Nobody on Earth foresaw the stratospheric rise of the band, and the boom of the swing revival — alongside the likes of Big Bad Voodoo Daddy and the Brian Setzer Orchestra — but it all made sense to Mathus.
"It never phased me all that much, any of the things about the popularity of the band," he said. "For me it was just, 'Wow, this is an incredible opportunity.' It inspired me and I felt prepared to handle it."
The four shows in Aspen this weekend will showcase retooled versions of the classic Squirrel Nut Zippers material from the '90s, an experience Mathus calls "just pure entertainment bliss."

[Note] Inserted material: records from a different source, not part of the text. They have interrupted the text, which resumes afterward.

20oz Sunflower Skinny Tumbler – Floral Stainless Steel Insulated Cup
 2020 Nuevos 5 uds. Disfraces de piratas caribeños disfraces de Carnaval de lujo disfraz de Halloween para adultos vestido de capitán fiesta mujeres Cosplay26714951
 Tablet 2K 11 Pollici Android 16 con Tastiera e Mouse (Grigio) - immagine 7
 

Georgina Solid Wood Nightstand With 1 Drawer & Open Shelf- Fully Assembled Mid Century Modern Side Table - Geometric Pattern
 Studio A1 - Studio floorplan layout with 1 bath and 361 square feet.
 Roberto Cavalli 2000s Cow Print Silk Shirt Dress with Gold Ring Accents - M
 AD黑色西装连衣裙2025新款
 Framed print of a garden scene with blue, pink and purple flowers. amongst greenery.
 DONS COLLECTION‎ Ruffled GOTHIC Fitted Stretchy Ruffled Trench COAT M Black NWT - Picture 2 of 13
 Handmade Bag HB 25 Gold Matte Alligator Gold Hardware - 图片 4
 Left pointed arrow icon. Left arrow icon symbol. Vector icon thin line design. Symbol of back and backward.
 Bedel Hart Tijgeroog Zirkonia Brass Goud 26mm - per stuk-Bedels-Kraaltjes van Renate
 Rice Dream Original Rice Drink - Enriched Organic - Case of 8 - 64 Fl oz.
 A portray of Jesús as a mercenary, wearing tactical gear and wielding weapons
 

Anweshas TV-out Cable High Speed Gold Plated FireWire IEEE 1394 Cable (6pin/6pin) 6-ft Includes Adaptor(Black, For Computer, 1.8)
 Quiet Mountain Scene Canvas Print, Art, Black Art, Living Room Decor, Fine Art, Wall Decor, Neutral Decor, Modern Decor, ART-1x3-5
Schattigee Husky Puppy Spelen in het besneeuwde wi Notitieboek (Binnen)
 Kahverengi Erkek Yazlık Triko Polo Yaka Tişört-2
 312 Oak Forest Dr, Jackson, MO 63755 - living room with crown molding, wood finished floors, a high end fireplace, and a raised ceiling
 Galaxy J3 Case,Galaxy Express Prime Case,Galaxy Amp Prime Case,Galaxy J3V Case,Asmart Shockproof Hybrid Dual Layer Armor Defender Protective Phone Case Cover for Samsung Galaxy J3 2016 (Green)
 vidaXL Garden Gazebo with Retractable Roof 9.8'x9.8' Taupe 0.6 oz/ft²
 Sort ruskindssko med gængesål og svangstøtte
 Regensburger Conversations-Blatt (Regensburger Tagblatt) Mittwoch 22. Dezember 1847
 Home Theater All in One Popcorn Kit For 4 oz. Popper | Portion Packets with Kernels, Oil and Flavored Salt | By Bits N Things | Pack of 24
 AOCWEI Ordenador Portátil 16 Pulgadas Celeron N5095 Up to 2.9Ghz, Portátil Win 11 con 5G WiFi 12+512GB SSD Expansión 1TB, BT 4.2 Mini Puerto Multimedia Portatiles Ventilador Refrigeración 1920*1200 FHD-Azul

He and the new Zippers are starting to work on new material — Mathus has been offering snippets on Instagram — with the goal of releasing some new songs this winter and an album sometime over the summer. But for now, the band is focusing on reintroducing itself to the masses on the road and sticking to the hits.
The Zippers' most high-profile gig, no doubt, was a performance at President Bill Clinton's second inaugural ball in 1997. President-elect Trump has famously been having trouble getting musicians to agree to play his inaugural next week. If Trump called the Zippers, would they reprise their role for the new president?
"Hell no!" Mathus cried. "They'd have to drag me kicking and screaming and in shackles and chains. And even then, I'd be mute."